* Problem to work on:
Lines below containing the word "with" should be copied out.

== == ==

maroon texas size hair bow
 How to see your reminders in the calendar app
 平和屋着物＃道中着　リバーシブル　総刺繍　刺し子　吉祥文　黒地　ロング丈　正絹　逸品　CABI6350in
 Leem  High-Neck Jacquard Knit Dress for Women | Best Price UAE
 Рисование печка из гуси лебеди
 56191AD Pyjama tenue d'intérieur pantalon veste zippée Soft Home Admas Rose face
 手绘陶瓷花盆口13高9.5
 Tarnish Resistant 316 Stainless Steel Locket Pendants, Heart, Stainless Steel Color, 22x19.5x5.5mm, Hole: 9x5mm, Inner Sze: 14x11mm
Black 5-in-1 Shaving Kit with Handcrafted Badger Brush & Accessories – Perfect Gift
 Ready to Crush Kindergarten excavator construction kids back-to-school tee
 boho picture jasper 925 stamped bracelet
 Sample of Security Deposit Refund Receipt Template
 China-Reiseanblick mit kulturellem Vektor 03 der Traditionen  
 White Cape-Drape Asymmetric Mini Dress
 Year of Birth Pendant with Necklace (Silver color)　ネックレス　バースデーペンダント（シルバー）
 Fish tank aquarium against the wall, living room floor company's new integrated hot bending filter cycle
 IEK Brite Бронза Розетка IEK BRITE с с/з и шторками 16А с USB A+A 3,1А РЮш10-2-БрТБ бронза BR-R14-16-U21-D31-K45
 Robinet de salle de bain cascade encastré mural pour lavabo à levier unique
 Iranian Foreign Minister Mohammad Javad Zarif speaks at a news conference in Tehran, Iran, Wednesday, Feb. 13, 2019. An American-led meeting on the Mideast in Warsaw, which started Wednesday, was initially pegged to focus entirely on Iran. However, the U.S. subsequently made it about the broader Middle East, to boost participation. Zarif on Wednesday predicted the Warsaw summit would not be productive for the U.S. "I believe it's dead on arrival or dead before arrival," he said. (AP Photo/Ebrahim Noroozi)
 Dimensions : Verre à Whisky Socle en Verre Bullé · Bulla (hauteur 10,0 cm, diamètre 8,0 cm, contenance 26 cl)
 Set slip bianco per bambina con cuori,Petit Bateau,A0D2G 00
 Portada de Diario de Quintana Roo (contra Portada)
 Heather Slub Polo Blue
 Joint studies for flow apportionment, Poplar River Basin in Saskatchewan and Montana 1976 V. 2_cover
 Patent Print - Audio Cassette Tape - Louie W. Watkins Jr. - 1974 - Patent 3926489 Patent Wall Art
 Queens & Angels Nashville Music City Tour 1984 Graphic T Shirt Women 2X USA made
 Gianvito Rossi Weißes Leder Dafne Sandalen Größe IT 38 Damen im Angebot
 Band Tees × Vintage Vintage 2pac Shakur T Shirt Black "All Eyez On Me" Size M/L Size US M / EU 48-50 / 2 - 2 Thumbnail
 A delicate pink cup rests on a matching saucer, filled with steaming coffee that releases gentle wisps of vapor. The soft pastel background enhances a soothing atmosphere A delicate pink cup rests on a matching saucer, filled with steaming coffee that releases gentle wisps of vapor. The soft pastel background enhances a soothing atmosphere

== == ==

* The completed task:
Black 5-in-1 Shaving Kit with Handcrafted Badger Brush & Accessories – Perfect Gift
 Year of Birth Pendant with Necklace (Silver color)　ネックレス　バースデーペンダント（シルバー）
 A delicate pink cup rests on a matching saucer, filled with steaming coffee that releases gentle wisps of vapor. The soft pastel background enhances a soothing atmosphere A delicate pink cup rests on a matching saucer, filled with steaming coffee that releases gentle wisps of vapor. The soft pastel background enhances a soothing atmosphere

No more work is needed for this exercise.